The solution given to us by our TAM is as follows:
Posted on 04-26-2018 10:17 AM
Just as a FYI,
Last time I checked, if you have a DEP machine, and you
sudo jamf removeMDMProfile
sudo jamf mdm
The machine is no longer DEP enrolled. It's now self enrolled. Which means you can no longer use features that required DEP enrollment. Like remote whipe, remote lock, lost mode, extra.
if you want to re DEP
10.12 and bellow
rm -Rf /private/var/db/ConfigurationProfiles/*
and then re-enroll by ether
/usr/libexec/mdmclient dep nag
and then clicking the popup to enroll
or
rm /var/db/.AppleSetupDone
rebooting and re-go through setup assistant
For 10.3, and above, if SIP is enabled. /private/var/db/ConfigurationProfiles/ is protected. And you'll need to boot into recovery mode to clear out clear out /private/var/db/ConfigurationProfiles/ .
Posted on 05-22-2018 01:03 PM
You know what's amazing..that this is almost 4 years old and still not resolved. We still see it on 10.4.1.
And what makes it better is if you're enrolling 10.13 machines with User-initiated enrollment it can take a long time to get the management framework installed because the "installapplication" command just waits and waits and waits.
Posted on 12-20-2018 05:29 AM
This is still a problem for us running v10.7.1 on-prem.
When I contacted Jamf Support about this recently, they could only offer the advice mentioned in this thread.

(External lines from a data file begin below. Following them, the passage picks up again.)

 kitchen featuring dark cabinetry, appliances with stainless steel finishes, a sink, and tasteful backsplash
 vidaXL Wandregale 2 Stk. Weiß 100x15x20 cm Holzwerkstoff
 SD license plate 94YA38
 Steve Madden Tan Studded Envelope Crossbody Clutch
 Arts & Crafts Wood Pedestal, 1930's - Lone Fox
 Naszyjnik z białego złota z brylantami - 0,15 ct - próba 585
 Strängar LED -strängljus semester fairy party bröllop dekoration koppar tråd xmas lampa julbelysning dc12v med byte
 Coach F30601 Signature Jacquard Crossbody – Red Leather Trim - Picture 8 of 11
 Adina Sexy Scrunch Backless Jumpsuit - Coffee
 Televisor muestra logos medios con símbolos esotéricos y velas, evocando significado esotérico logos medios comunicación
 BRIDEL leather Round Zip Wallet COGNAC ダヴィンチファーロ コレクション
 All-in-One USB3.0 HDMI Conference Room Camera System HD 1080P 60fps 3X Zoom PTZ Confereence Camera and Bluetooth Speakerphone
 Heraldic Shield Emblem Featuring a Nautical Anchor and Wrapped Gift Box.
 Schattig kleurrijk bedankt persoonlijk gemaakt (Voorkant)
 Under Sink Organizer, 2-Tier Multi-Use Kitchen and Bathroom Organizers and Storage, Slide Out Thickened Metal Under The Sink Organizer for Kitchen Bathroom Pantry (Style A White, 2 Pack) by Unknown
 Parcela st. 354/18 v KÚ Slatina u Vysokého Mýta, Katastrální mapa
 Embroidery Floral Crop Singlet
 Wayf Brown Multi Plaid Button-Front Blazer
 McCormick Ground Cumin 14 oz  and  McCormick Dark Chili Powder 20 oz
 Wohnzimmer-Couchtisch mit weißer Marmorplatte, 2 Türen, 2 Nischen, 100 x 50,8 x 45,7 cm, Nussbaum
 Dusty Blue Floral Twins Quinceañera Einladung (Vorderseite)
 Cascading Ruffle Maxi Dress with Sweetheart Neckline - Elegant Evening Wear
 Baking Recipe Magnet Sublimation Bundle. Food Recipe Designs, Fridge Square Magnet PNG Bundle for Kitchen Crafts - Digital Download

Posted on 12-20-2018 07:23 AM
Jamf Pro 10.9 Release Notes - Bug Fixes and Enhancements
[PI-002379] Fixed an issue that caused MDM commands at the macOS user level to queue even after a user logs out of their computer.
[PI-002996] Fixed an issue that caused MDM commands to sit in a "Pending" status indefinitely if the computer was re-enrolled with Jamf Pro via a PreStage enrollment.
Posted on 01-04-2019 10:33 AM
MDM Profiles really suck if you have computers that are not DEP eligible and some that are. Two completely separate paths need to be taken based on OS version and Enrollment type.
It's worth it to get this resolved, our company is simply building a list of users and asking users to approve the MDM profile (for those who forgot to do it during setup). If they don't do it, a physical visit is required. I have only 500 users, companies with thousands.... I feel bad for you.
Posted on 02-27-2019 10:18 PM
Just stumbled over this post. I also often see Mac´s with these pending commands as I can see from other it is something that seems to be a general issue even in 10.9.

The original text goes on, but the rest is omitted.